Over the last couple weeks, the winners in the CD rate of the week search have been dominated by credit unions. However, most of these candidates shared a common pattern: they were small, served a unique and limited population, and generally not available outside of one given state. In terms of traditional banks, however, no candidates were really coming forward with anything above a 1 percent rate of return.
However, CIT Bank stands out among the bank crowd with a modest 1.2 percent rate of return on a 3-year CD offering currently available and a 1.6 percent rate of return on a 5-year CD option. Even the 2-year option is still slightly above the 1 percent mark paying customers with a 1.09 percent rate instead. To make the return better, customers have no fees to worry about with CIT banking products, including CDs and general saving accounts. This is a nice alternative from the usual bank approach these days of adding a fee to just about everything, especially below minimum balance levels.
CIT Bank, which shouldn’t be confused with Citigroup, has been around for at least a century, first started by a fellow named Henry Ittleson. Today’s abbreviated name was originally referred to as Commercial Investment Trust with an initial focus on commercial customers. In modern times the Bank eventually began to open up to personal banking as well.
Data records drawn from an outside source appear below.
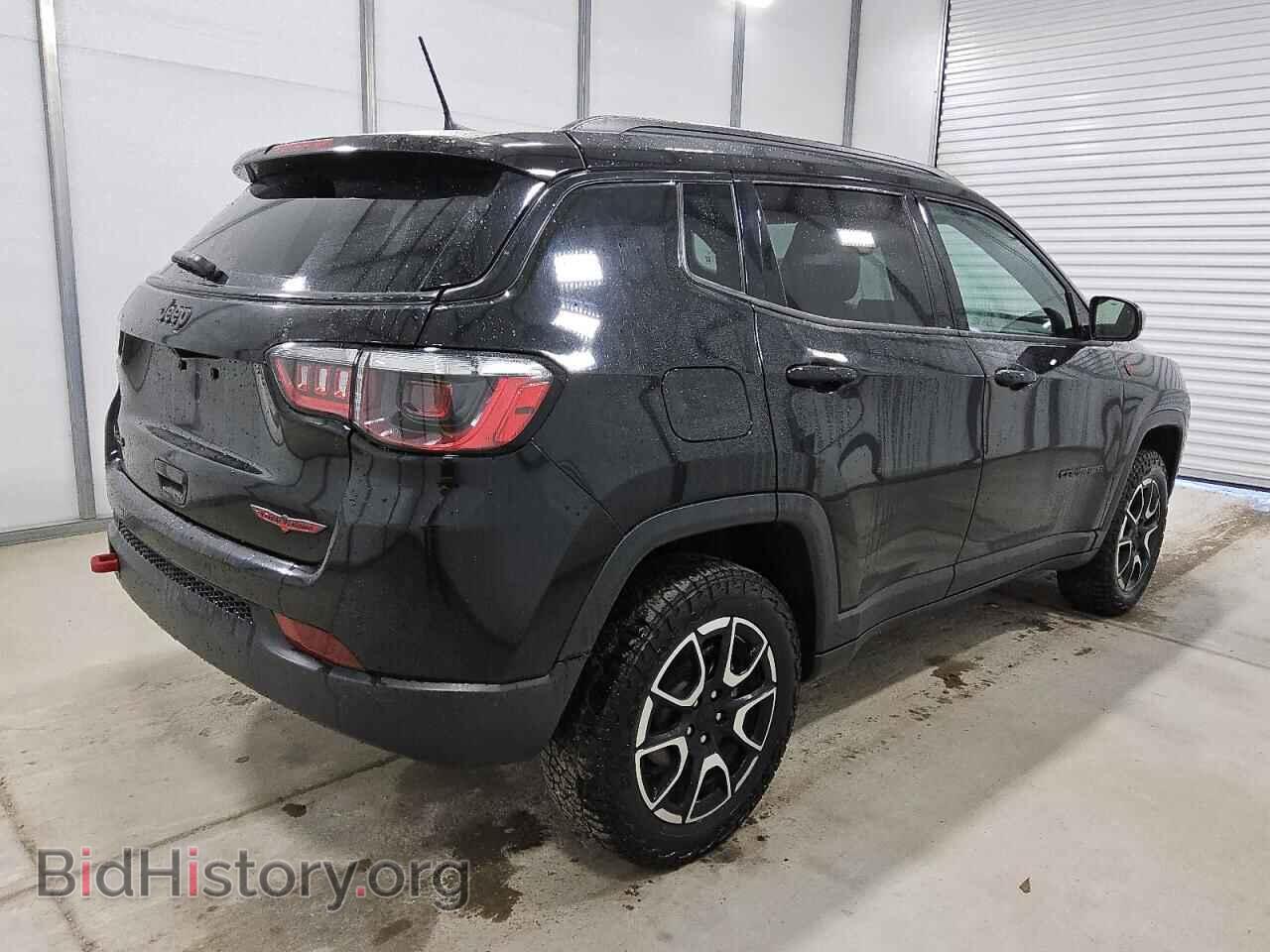 2024 JEEP COMPASS - VIN: 3C4NJDDN7RT137114 - Фото 3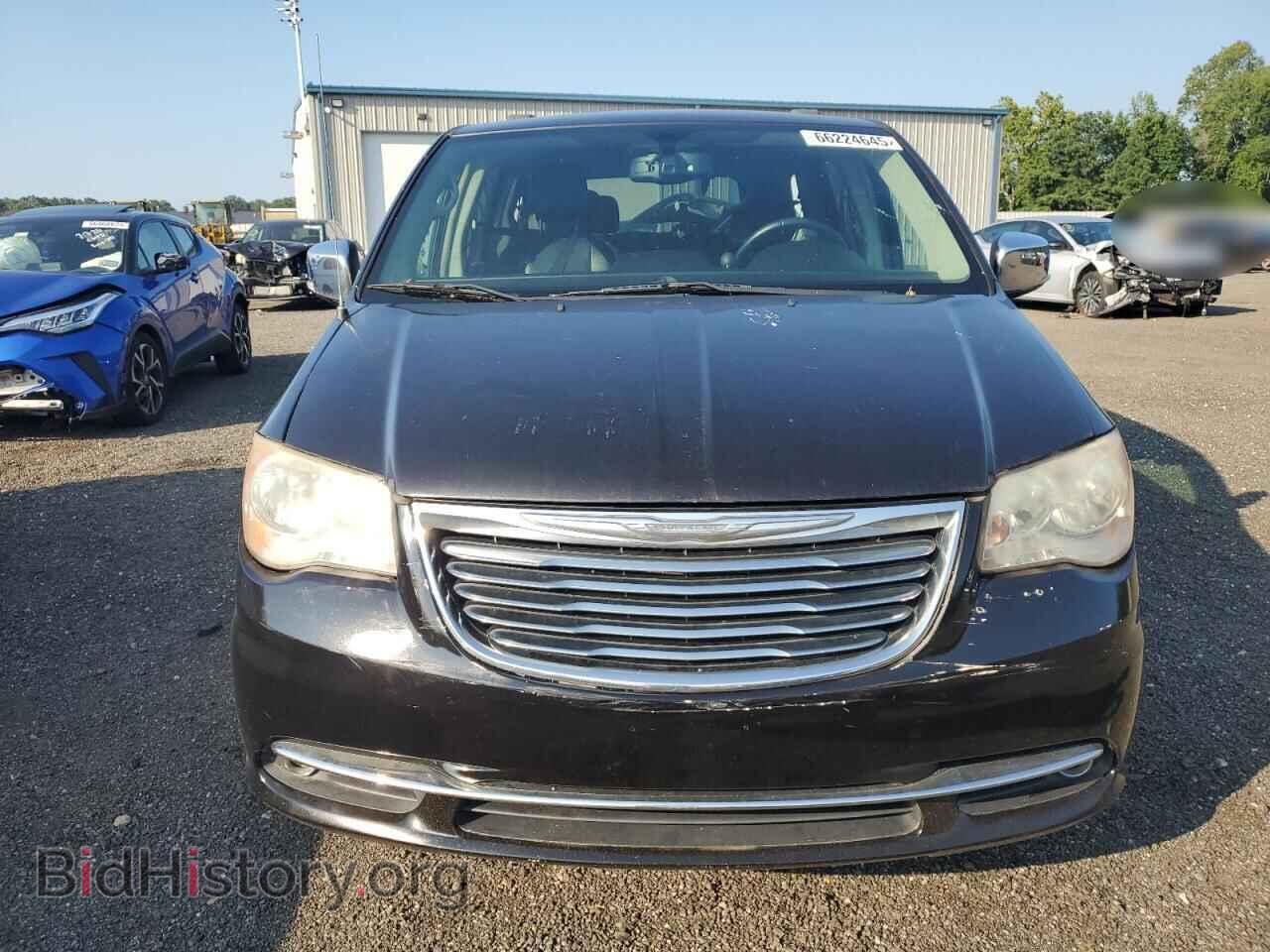 2014 CHRYSLER MINIVAN - VIN: 2C4RC1CG1ER338971 - Фото 5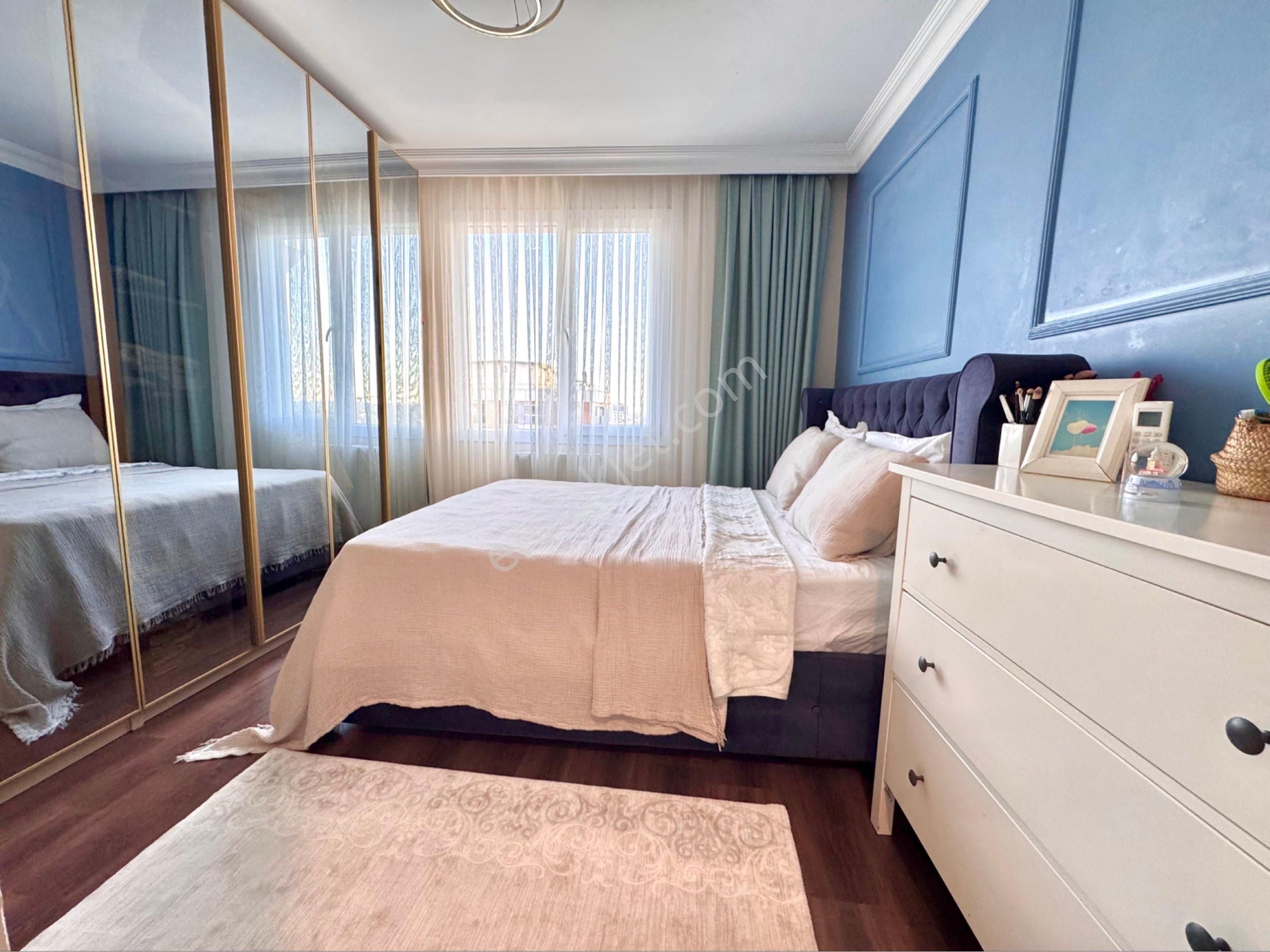 Bağcılar Yürüyüş Yolunda Butik Sitede Geniş Ve Ferah Satılık 2+1 - Görsel 10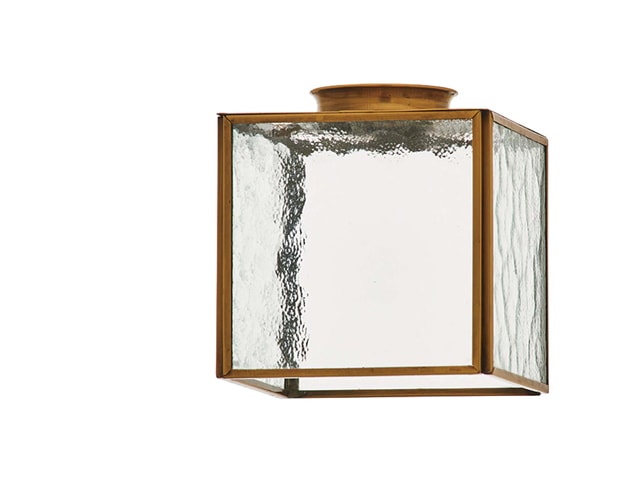 インターフォルム INTERFORM Kostka コストカ スポットライト E17 フロスト 引掛けシーリング 白熱電球付き LT1356FR [2]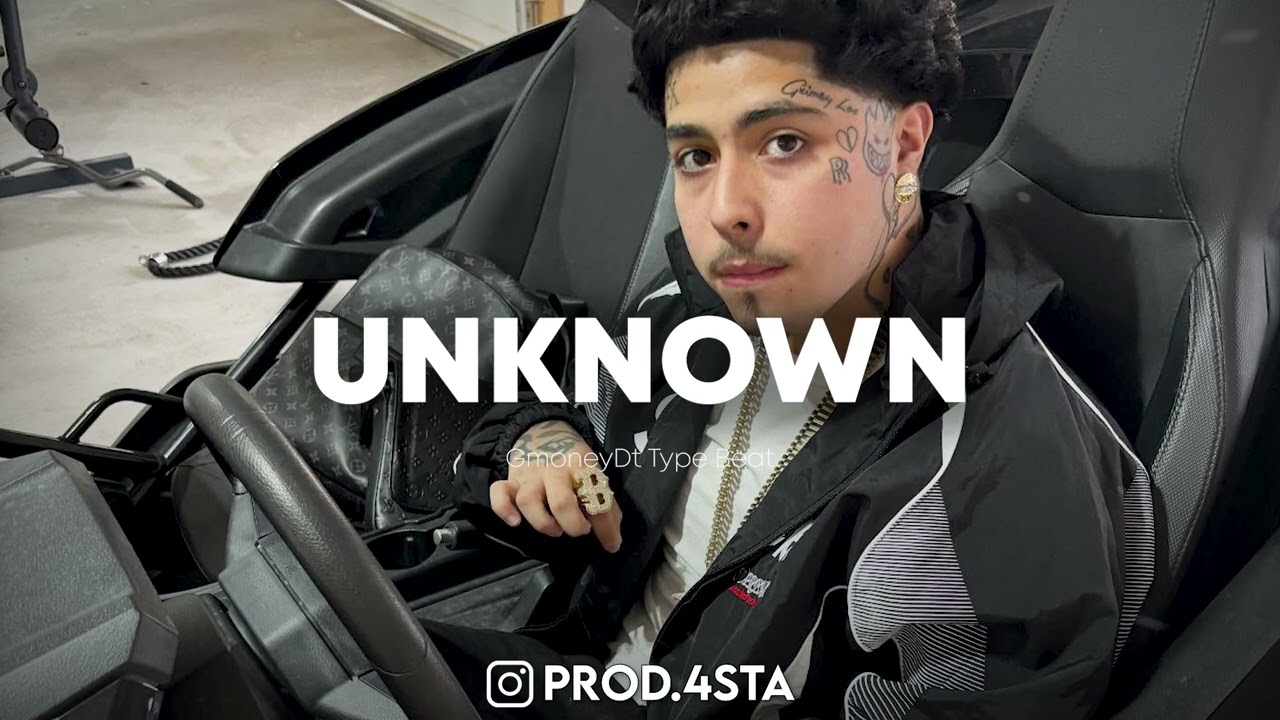 [FREE] GmoneyDt x Peysoh Type Beat 'UNKNOWN'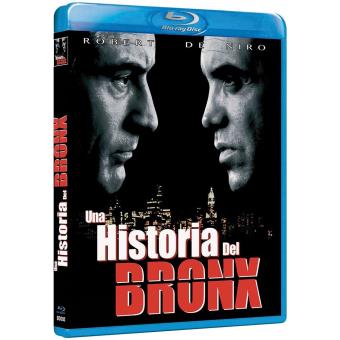 Una Historia del Bronx / A Bronx Tale (Blu-ray) - 1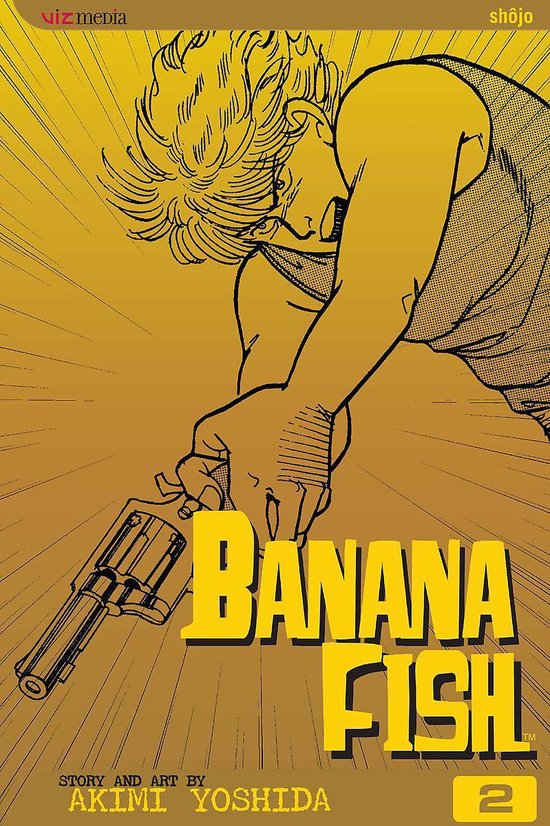 Banana Fish 2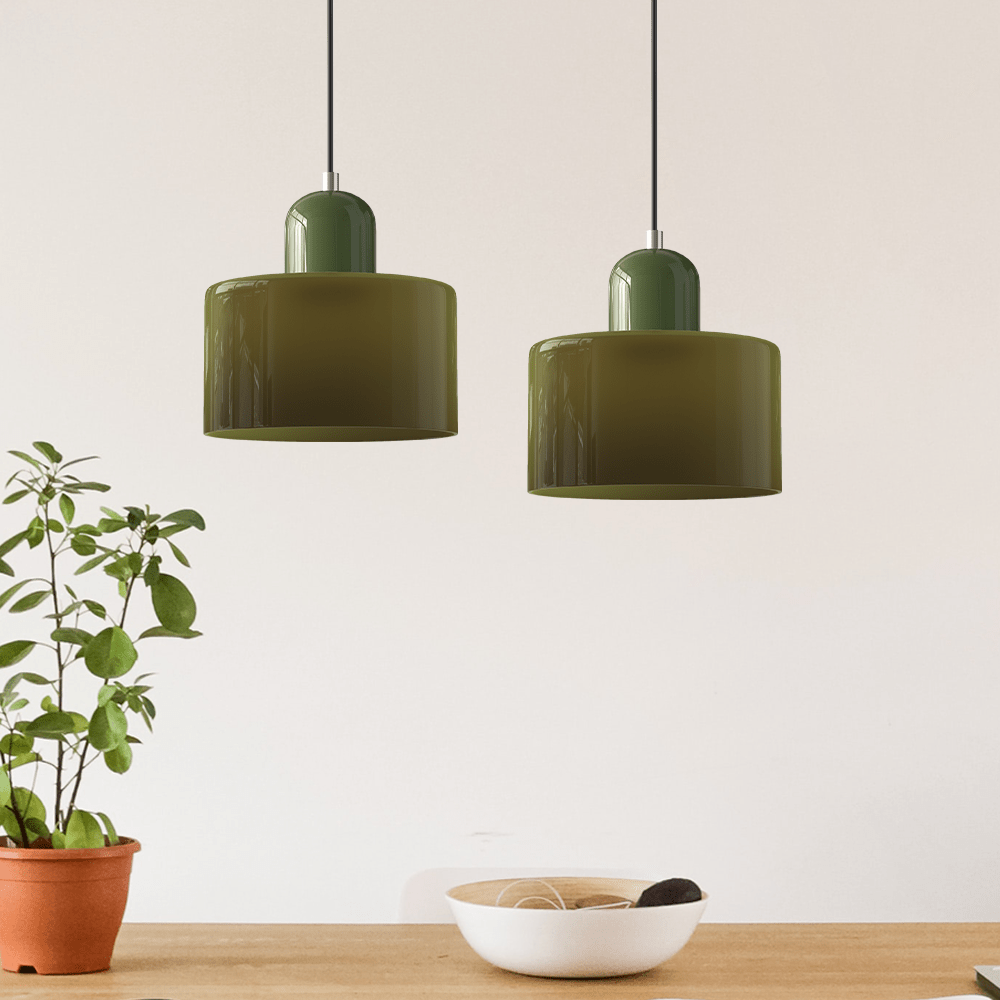 Croma Bauhaus Pendant Light | Modern Ceiling Lamp for Stylish Interiors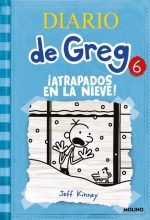 DIARIO DE GREG 6 (TD). ¡ATRAPADOS EN LA NIEVE!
Among the many financing deals CIT has been involved with, one business loan the institution provided helped fund the personal purchasing of Studebaker cars. The move opened the door for banks to enter into auto financing.
Like all banks, CIT deposits are federally insured up to $250,000 per account. However, unlike traditional banks, CIT is entirely an online, Internet-based operation, at least for personal banking customers. This streamlined approach is how CIT is then able to offer higher paying CD rates, similar to the ING Direct model from a few years ago.